▸ **Problem details**:
Only the lines below, from the one with "Emily Varney's Instagram, Twitter & Facebook" through the one with "綠豆（綠豆，三度豆）。 （白色背景） 92467923", are to be written out, exactly.

Content starts

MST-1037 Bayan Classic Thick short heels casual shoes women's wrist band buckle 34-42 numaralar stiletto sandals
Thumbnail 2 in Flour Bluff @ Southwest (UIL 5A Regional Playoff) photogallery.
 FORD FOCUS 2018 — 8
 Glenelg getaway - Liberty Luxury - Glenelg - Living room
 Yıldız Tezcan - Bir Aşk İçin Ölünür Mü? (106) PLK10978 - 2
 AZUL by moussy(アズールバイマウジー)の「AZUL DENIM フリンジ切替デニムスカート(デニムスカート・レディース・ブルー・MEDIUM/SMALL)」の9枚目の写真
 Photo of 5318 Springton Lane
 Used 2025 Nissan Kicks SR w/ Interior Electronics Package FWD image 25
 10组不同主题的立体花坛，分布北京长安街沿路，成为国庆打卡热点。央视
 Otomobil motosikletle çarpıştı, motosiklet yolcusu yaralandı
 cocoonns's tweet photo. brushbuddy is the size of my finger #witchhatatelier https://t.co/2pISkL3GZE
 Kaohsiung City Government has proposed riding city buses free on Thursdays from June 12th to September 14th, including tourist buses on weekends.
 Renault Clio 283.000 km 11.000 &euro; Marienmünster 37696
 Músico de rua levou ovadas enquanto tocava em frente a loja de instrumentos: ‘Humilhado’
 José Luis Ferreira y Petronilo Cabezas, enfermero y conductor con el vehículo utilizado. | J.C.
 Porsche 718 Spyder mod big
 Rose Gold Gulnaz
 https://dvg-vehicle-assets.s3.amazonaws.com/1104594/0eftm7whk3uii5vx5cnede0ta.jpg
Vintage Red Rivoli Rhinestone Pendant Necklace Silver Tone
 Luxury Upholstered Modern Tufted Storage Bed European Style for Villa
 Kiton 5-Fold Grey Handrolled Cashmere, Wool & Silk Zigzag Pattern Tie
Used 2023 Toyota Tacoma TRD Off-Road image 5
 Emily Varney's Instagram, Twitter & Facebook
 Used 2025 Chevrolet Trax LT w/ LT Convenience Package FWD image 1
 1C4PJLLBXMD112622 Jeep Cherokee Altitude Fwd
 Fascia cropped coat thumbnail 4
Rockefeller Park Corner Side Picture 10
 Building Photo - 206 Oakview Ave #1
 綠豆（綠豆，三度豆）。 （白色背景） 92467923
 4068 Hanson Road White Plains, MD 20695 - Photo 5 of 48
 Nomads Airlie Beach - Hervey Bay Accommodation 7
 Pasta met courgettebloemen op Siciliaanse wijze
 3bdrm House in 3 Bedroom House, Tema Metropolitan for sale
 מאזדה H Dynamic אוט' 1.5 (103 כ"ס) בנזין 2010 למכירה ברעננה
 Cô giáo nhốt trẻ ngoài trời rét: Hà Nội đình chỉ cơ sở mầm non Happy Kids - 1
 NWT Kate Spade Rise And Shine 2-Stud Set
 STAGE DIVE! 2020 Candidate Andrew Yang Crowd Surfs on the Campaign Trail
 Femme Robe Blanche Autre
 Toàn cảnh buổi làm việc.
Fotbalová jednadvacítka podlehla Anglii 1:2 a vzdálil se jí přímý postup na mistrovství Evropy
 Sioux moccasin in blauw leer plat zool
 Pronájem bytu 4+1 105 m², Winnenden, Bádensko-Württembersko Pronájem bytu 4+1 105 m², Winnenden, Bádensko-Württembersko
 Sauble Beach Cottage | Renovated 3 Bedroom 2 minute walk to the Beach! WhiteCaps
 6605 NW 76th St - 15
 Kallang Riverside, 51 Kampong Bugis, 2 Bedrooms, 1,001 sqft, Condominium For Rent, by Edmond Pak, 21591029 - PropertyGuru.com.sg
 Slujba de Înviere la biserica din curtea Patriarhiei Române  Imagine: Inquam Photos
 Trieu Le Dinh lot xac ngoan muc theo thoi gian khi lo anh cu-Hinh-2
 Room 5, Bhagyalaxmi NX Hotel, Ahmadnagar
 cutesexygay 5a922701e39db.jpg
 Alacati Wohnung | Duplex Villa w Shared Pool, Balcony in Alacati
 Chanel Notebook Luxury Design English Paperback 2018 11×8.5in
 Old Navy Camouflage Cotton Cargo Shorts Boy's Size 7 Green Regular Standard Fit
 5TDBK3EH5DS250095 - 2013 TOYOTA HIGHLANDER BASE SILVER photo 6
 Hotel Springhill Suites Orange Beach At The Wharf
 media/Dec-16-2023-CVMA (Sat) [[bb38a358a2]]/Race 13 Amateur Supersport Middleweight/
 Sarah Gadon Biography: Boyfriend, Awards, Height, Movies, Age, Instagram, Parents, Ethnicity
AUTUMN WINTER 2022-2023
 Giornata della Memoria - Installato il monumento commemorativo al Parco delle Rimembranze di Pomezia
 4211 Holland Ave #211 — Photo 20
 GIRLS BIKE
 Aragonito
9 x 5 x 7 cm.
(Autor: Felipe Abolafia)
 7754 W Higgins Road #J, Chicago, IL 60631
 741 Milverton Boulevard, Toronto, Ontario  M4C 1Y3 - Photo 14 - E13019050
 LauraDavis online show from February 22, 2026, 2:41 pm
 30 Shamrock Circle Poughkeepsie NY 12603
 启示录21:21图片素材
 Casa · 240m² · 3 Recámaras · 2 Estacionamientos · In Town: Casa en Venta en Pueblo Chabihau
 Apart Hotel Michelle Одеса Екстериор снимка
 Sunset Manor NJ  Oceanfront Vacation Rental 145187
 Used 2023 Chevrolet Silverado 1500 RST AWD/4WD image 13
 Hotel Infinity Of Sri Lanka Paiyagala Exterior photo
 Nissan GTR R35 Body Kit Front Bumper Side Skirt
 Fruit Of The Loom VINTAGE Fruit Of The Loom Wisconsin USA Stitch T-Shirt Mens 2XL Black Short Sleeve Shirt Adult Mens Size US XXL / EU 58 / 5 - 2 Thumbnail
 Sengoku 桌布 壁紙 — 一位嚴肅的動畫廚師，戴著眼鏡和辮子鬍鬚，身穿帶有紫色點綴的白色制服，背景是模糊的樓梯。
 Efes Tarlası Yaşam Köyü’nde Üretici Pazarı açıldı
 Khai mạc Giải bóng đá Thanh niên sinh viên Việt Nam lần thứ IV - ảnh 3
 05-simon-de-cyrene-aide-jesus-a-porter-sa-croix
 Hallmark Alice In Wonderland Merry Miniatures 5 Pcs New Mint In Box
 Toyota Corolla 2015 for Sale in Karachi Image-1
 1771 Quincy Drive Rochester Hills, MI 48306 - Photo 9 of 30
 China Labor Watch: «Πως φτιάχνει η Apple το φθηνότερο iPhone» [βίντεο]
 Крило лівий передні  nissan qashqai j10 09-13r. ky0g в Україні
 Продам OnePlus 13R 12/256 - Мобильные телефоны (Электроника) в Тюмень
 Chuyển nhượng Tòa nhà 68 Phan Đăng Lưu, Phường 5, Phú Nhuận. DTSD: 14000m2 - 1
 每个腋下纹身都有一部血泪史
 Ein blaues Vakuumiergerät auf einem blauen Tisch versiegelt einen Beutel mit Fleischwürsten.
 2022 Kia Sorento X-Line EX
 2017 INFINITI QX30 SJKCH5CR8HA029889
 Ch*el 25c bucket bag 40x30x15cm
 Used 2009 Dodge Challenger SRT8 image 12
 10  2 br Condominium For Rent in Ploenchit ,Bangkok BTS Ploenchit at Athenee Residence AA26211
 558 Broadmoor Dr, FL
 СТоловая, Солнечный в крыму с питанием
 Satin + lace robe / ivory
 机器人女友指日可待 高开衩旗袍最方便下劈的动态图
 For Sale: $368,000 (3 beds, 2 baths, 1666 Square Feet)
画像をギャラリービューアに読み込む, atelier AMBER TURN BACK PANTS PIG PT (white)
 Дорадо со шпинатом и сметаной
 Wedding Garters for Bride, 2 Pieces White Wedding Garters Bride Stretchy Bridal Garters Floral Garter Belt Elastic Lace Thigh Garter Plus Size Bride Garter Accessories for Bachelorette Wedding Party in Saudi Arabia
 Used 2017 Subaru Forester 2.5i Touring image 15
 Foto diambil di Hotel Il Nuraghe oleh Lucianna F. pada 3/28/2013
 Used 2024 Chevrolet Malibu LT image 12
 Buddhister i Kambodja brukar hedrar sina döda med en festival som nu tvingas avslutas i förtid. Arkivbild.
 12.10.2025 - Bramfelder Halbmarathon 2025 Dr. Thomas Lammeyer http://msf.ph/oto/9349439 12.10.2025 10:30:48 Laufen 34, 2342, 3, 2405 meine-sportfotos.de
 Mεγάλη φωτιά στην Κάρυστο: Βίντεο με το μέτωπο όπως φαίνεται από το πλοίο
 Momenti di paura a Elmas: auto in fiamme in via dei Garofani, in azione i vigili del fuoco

Content ends

▸ **Result of this exercise**:
 Emily Varney's Instagram, Twitter & Facebook
 Used 2025 Chevrolet Trax LT w/ LT Convenience Package FWD image 1
 1C4PJLLBXMD112622 Jeep Cherokee Altitude Fwd
 Fascia cropped coat thumbnail 4
Rockefeller Park Corner Side Picture 10
 Building Photo - 206 Oakview Ave #1
 綠豆（綠豆，三度豆）。 （白色背景） 92467923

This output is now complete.